Feuerherdt also refers to former referees like Urs Meier or Jochen Drees, who only let their previously short hair loose after their careers. Even Peter Gagelmann, who was once the hallmark of a strict brushed haircut, got carried away by casually combing his hair when he was a referee.

But Feuerherdt is also surprised by the rarity of beards, because these days they are no longer really noticeable. And after all: if you think long enough, you can also find a Bundesliga referee with a full beard – on the one hand with Markus Schmidt.

Markus Schmidt: “But don’t you want to whistle with that now?”

The 48-year-old recently passed the Bundesliga age limit (47) but still works as a video assistant. During the last four or five years of his long career (197 Bundesliga appearances), he walked the pitch with a beard of three days to two weeks. And in an interview with the sports program, he says that initially some people reacted quite irritated. A senior referee said at the time: “But you don’t want to whistle with that now?”

Yes, he wanted to – “and after two matchdays it was normal,” says Schmidt. He also hasn’t quite figured out where the reservations about beards came from. He recounts colleagues who sometimes wore full beards in private (quite to their advantage), but shaved clean on game days.

Official ban in minor league baseball

In other countries and sports as well, referees tend to clean shave. North America’s professional minor league baseball (minor league baseball) even officially forbids their umpires in the rulebook “moustaches, goatee or other facial hair”.

Discrimination debate in England

In English football, the stakes are high because of the powerful official David Elleray. The long-serving Football Association (FA) referee-in-chief will step down after the season. He was also investigated for allegations of racism.

He is seen as a bearded opponent and is said to have given referees proper advice. The daily “i” also sees this as potential discrimination against referees for whom beards are important because of their religious affiliation. All of Britain’s 40 professional referees in the top divisions are white.

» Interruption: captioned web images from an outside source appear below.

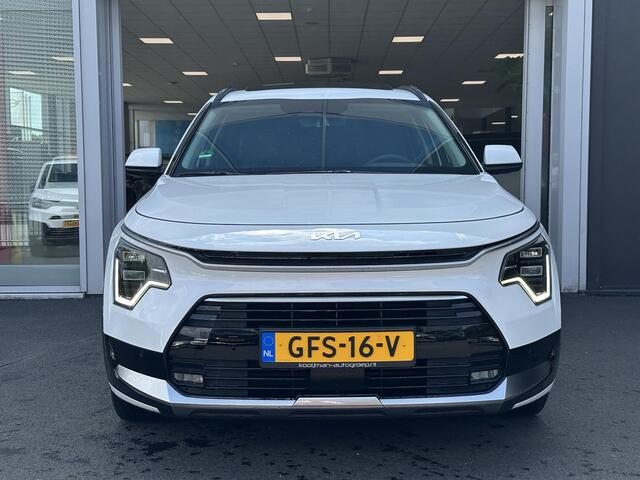 KIA Niro 1.6 GDi Hybrid ExecutiveLine Elektrische schuif-kanteldak | Stoelverwarming | Stuurverwarming | Stoel Koeling voor | Climate controle | Cruise controle | Achteruitrijcamera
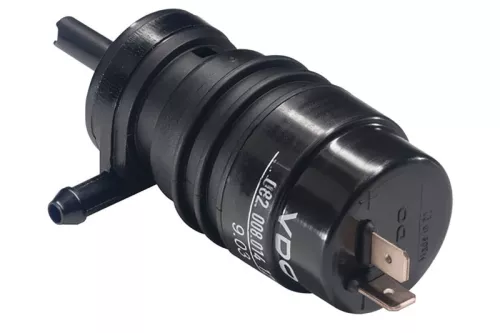 Washer Fluid Pump, window cleaning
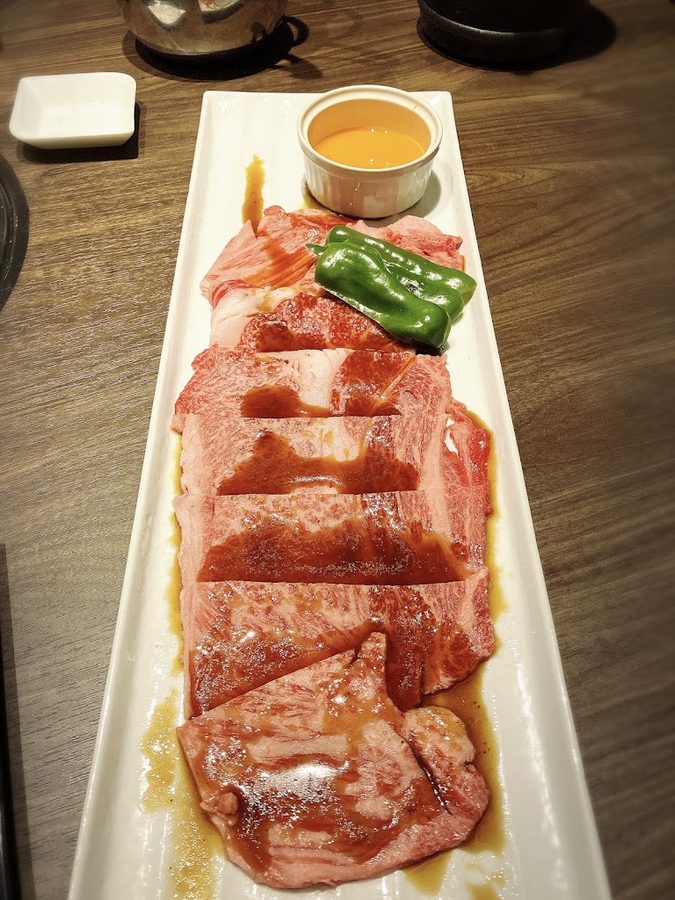 焼肉 心たけ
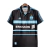 Camisa Olympique Marseille Retrô III 1999/00 Torcedor Masculina - Preto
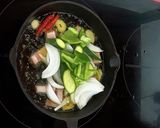 とうもろこしのアヒージョ【食遺産】作り方7写真
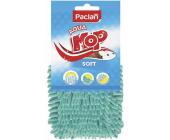 Насадка Paclan Aqua Mop плоская из шенилла для швабры | OfficeDom.kz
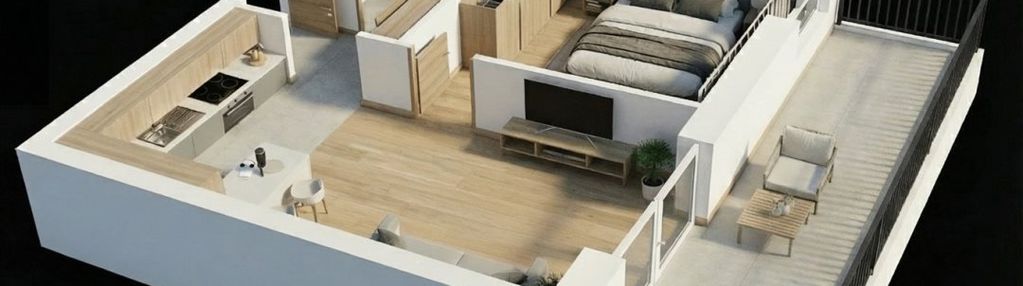Apartamenty łódzka 166, bez prowizji od kupującego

Daniel Schlager: FIFA referee with a beard

Beard wearers between them: Niklas Stark (Hertha BSC, left) and referee Daniel Schlager

Image: IMAGO/photobooth/Taeger

And what about UEFA and FIFA competitions? Is an international career only possible with a shave, like in basketball? No one has complained publicly, and one person from Germany is encouraging: Daniel Schlager has been whistling in the professional field since 2015, currently with a subtle, modern full beard. Apparently, that didn’t harm the 32-year-old. He has been a FIFA referee since December 2021 and will therefore also represent the DFB internationally in the future.